→ **Task statement**
Using the data below, copy out all lines with the word "lights".

→ **Extracted material**
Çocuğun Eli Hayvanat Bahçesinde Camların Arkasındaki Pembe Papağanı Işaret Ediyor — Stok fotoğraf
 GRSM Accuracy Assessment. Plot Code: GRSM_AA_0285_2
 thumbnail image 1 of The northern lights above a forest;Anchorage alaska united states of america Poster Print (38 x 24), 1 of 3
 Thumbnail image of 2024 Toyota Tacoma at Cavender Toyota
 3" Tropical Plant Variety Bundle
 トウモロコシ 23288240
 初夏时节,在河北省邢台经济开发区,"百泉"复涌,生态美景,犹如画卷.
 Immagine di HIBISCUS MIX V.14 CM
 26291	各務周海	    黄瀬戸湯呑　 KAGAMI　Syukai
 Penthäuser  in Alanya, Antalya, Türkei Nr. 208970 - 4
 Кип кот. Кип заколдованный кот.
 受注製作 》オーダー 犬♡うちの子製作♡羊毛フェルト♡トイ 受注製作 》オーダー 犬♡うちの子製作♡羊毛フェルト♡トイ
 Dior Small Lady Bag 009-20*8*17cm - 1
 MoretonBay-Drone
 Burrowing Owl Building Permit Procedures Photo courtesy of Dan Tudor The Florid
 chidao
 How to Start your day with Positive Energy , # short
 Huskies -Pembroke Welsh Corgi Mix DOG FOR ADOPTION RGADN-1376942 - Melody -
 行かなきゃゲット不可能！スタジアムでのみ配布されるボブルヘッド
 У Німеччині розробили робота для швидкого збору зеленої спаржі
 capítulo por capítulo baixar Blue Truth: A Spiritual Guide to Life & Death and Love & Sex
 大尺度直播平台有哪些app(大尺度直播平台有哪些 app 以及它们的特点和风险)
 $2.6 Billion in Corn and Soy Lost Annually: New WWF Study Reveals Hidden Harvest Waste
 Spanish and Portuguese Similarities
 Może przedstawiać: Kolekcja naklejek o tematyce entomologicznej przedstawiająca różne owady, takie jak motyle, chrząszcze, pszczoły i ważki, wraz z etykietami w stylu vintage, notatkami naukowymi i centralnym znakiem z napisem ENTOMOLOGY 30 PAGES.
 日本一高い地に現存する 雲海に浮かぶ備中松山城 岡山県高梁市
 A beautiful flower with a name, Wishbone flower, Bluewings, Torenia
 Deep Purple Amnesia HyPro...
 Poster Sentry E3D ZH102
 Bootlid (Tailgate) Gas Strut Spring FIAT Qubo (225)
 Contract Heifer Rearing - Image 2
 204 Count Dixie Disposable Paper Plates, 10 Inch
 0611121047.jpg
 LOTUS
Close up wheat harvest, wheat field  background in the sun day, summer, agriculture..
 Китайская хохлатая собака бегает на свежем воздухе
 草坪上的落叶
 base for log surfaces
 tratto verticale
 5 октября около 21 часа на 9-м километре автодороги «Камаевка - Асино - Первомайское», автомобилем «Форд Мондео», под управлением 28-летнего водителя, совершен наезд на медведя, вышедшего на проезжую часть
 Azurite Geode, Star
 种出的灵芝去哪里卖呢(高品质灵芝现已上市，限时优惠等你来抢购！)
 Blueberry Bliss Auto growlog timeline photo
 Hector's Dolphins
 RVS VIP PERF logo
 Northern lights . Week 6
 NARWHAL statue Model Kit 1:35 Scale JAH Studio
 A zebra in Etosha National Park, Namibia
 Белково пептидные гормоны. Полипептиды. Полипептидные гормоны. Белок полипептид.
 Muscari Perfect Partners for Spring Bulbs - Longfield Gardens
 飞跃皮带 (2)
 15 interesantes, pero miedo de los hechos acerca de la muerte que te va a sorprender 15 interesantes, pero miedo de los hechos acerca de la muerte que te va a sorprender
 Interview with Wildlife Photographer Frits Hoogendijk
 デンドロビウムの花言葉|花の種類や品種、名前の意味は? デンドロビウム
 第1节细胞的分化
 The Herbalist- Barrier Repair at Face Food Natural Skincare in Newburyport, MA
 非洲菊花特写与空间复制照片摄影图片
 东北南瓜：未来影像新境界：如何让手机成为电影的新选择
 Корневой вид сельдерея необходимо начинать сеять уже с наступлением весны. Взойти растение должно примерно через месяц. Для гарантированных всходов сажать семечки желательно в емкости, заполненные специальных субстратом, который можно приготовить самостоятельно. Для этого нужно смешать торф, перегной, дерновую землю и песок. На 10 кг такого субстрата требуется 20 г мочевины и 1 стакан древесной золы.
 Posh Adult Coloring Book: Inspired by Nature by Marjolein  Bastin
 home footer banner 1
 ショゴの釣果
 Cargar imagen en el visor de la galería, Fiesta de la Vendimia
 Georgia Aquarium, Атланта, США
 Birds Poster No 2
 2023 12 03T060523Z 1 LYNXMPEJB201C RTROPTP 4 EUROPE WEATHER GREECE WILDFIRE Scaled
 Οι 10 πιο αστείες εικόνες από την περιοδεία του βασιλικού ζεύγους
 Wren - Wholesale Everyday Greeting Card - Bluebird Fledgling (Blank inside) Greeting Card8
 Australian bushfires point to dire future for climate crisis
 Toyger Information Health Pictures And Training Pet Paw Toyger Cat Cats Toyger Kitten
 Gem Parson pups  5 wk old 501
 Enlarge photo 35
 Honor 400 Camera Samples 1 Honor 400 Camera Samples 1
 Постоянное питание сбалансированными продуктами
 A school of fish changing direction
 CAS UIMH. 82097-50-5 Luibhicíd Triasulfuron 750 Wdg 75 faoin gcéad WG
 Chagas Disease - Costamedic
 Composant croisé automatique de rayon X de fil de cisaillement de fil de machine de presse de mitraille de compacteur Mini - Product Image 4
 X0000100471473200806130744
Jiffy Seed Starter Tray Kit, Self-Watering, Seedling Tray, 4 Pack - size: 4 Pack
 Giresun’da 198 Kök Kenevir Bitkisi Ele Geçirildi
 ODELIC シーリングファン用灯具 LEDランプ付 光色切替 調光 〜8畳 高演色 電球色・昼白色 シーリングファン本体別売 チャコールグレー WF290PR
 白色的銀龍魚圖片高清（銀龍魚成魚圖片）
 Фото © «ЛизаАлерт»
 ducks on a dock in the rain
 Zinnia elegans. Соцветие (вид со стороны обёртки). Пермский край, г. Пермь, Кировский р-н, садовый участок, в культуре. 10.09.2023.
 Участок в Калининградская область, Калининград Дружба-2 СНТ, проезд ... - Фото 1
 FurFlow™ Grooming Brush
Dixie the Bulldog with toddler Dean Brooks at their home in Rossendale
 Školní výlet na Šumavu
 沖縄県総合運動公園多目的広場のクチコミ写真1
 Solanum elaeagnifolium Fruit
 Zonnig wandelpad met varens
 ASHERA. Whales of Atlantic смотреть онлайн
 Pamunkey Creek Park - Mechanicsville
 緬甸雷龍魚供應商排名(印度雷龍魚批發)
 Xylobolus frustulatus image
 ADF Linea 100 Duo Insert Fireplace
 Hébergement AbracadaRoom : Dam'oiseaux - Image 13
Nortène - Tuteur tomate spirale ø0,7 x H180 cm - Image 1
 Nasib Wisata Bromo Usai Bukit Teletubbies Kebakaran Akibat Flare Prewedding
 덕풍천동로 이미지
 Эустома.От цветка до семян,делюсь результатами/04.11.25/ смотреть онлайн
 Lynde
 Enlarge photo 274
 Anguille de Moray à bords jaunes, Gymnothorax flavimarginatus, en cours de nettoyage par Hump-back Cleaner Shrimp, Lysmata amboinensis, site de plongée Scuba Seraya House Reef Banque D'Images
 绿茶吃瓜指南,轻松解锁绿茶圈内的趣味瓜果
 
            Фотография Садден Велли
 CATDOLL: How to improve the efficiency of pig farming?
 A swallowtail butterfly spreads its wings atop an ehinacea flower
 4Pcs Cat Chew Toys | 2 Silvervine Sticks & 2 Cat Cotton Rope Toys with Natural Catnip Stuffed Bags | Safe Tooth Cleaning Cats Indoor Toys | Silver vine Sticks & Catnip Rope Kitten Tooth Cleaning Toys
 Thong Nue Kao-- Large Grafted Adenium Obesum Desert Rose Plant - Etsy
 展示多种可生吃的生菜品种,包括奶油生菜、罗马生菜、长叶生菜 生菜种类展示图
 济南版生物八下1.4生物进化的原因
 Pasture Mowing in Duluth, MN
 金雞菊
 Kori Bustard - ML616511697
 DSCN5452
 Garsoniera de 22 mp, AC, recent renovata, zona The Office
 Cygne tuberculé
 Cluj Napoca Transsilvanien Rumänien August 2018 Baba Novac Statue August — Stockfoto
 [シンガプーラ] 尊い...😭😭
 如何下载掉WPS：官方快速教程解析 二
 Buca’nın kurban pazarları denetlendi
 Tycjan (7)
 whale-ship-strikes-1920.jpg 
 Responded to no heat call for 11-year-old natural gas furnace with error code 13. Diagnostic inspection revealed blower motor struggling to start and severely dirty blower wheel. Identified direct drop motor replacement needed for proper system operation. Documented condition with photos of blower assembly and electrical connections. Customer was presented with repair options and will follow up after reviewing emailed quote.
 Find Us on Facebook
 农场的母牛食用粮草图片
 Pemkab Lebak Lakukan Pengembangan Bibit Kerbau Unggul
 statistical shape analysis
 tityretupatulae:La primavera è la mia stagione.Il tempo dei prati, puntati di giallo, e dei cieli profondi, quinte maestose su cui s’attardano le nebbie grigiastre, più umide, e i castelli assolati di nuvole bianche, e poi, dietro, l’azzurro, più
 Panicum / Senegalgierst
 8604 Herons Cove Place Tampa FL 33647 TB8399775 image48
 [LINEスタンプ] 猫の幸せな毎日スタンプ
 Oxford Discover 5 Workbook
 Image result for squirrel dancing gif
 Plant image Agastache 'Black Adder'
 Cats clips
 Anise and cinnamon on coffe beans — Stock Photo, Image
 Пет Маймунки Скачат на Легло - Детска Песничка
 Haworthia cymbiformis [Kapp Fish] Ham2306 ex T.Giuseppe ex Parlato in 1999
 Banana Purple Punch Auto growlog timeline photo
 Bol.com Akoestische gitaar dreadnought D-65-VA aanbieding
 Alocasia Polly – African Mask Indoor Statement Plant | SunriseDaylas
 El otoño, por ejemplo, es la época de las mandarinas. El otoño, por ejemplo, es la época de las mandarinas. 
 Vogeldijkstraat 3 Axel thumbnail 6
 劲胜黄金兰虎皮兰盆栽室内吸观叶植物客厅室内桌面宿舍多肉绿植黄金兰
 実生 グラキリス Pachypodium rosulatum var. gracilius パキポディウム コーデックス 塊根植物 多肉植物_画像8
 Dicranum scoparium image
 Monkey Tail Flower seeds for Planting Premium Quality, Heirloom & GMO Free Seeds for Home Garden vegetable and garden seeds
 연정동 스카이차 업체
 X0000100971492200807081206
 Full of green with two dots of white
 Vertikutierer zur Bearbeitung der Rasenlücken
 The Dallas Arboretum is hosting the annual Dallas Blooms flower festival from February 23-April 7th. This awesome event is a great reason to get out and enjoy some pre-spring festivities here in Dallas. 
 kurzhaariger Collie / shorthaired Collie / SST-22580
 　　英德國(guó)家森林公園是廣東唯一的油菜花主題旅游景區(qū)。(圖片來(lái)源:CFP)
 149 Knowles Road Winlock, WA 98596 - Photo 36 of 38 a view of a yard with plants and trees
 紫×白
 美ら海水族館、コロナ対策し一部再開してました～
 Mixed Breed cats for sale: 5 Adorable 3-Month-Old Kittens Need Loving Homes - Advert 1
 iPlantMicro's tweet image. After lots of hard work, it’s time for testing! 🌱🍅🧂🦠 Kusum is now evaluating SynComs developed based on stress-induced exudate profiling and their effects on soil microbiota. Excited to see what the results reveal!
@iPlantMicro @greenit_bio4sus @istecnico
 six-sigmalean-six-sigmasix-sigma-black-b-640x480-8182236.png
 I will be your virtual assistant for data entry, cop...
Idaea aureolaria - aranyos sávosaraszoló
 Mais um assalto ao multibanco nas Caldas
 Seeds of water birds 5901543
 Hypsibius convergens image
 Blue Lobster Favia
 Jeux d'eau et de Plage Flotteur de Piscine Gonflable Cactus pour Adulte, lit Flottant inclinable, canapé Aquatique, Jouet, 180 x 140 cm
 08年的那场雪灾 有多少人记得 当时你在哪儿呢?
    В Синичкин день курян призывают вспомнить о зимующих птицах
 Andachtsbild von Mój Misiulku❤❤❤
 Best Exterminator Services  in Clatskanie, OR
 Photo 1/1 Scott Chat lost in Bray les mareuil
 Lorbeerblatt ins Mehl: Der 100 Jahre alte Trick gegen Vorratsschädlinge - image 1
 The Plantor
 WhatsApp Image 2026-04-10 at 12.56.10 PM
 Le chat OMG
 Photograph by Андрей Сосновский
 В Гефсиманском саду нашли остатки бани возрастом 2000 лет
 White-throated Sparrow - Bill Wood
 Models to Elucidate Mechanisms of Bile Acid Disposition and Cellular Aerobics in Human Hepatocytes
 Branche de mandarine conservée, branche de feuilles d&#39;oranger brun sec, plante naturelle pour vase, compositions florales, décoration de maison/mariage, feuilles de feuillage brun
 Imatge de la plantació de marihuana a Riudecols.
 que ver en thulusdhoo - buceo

→ **Result below**
 thumbnail image 1 of The northern lights above a forest;Anchorage alaska united states of america Poster Print (38 x 24), 1 of 3
 Northern lights . Week 6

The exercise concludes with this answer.